The Calendar Rhythm Method: With the Calendar Rhythm Method, you keep track of the length of your menstrual cycles for 6-12 months to figure out the days when you are likely to get pregnant. It is probably at least 90% effective when used correctly, although more studies are needed on the effectiveness of this method.
Calculate the longest and shortest of your menstrual cycles. Subtract 18 from the number of days in your shortest cycle. This number will be the first fertile day of your current cycle. Subtract 11 from the number of days in your longest cycle. This number will be the last fertile day in your current cycle. Avoid unprotected intercourse from the first through the last day of your fertile time. You need to repeat this process with every cycle to find out your fertile days.
The Symptothermal Method: The Symptothermal Method teaches women to recognize their fertile days by tracking changes in their cervical mucus, body temperature (at rest), and the position of the cervix. When used correctly, this method is about 97%-98% effective in preventing pregnancy. Ask your health care provider for help in using this method. With this method, you take your temperature every morning before getting out of bed (known as basal body temperature). Each day, look at the color of your cervical mucus to see if it is cloudy, white, yellow, or clear, and feel the mucus to see if it is sticky or slippery and stretchy. Check the position of your cervix, which becomes more open when you are fertile (ask your health care provider to help you learn to do this). Record your temperature, cervical secretions, and the position of the cervix on a chart every day. You can find out when you are likely to be fertile by noticing changes in these three fertility signs.
Emergency contraceptive prevents pregnancy after unprotected sexual intercourse. Emergency contraception can be used when a condom breaks, after a sexual assault, or any time unprotected sexual intercourse occurs. It should not be used as your only protection against pregnancy. There are two types of emergency contraceptive pills (sometimes called the "morning after pill").

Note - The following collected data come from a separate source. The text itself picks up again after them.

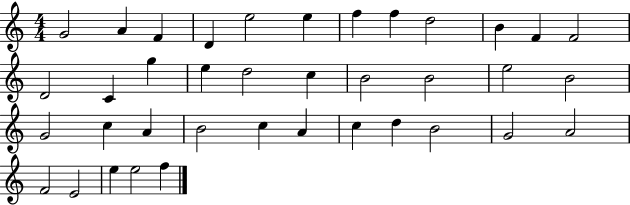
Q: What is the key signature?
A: C major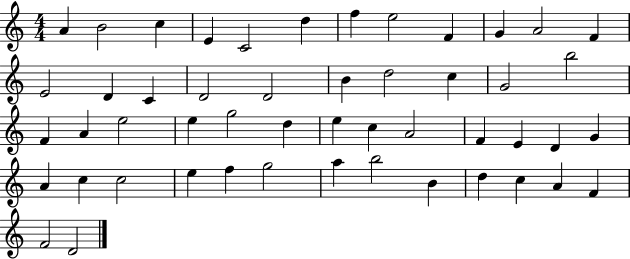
{
  \clef treble
  \numericTimeSignature
  \time 4/4
  \key c \major
  a'4 b'2 c''4 | e'4 c'2 d''4 | f''4 e''2 f'4 | g'4 a'2 f'4 | \break e'2 d'4 c'4 | d'2 d'2 | b'4 d''2 c''4 | g'2 b''2 | \break f'4 a'4 e''2 | e''4 g''2 d''4 | e''4 c''4 a'2 | f'4 e'4 d'4 g'4 | \break a'4 c''4 c''2 | e''4 f''4 g''2 | a''4 b''2 b'4 | d''4 c''4 a'4 f'4 | \break f'2 d'2 | \bar "|."
}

One type contains only the hormone called progestin. It is more effective than combination pills and the risk of nausea and vomiting is also lower. The other type of ECP uses a combination of hormones (estrogen and progestin) found in some kinds of regular birth control pills. Side effects can include nausea and vomiting.
The current treatment schedule is one dose within 72 hours after unprotected intercourse and a second dose 12 hours after the first dose. A recent large study found that ECPs should be taken as soon after unprotected intercourse as is practical. Most women can safely use emergency contraceptive pills, even if they cannot use birth control pills as their regular method of birth control.
IUDs can also be used as a form of emergency contraception. The copper-T intrauterine device (IUD) can be inserted up to five days after unprotected intercourse to prevent pregnancy. The IUD can then be left in place for up to 10 years if long-term contraception is desired.